■ Work instruction: When you reach the line that contains "Huyện Bù Đăng" in the data below, start reproducing lines exactly, and stop after the line that contains "RAM /SSD 128 (6700T_570_16_512)".

■ Records supplied:
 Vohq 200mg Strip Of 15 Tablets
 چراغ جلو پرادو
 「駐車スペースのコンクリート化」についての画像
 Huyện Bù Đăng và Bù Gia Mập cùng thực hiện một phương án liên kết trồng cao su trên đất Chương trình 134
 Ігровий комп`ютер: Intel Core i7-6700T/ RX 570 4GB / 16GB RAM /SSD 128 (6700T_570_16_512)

---

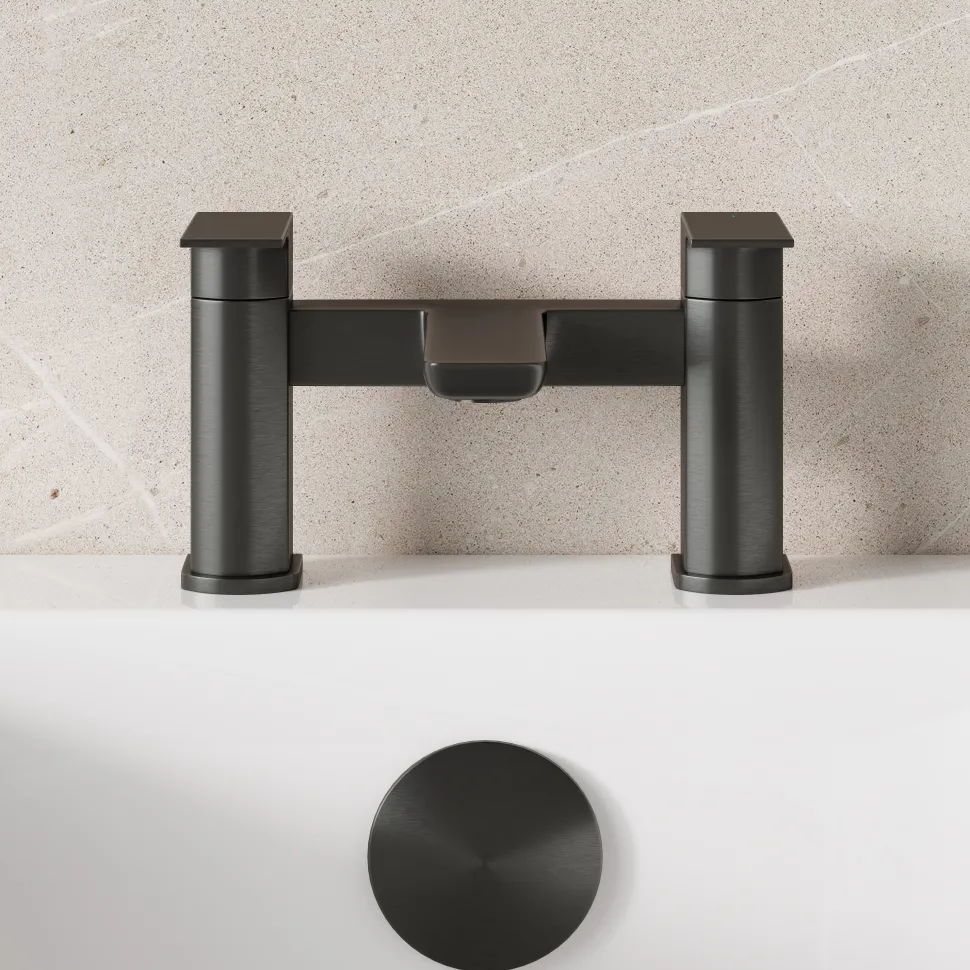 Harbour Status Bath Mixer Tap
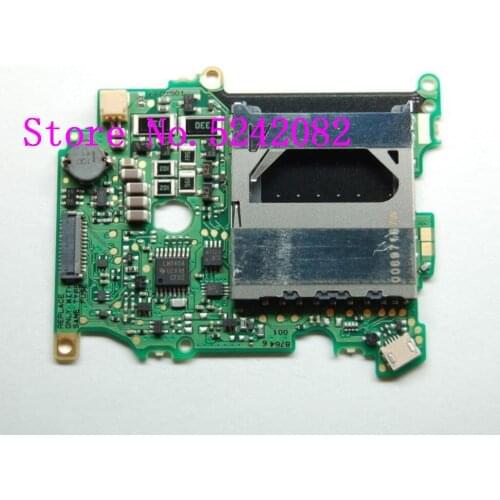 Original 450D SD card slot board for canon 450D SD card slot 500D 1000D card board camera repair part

■ Written response:
 Huyện Bù Đăng và Bù Gia Mập cùng thực hiện một phương án liên kết trồng cao su trên đất Chương trình 134
 Ігровий комп`ютер: Intel Core i7-6700T/ RX 570 4GB / 16GB RAM /SSD 128 (6700T_570_16_512)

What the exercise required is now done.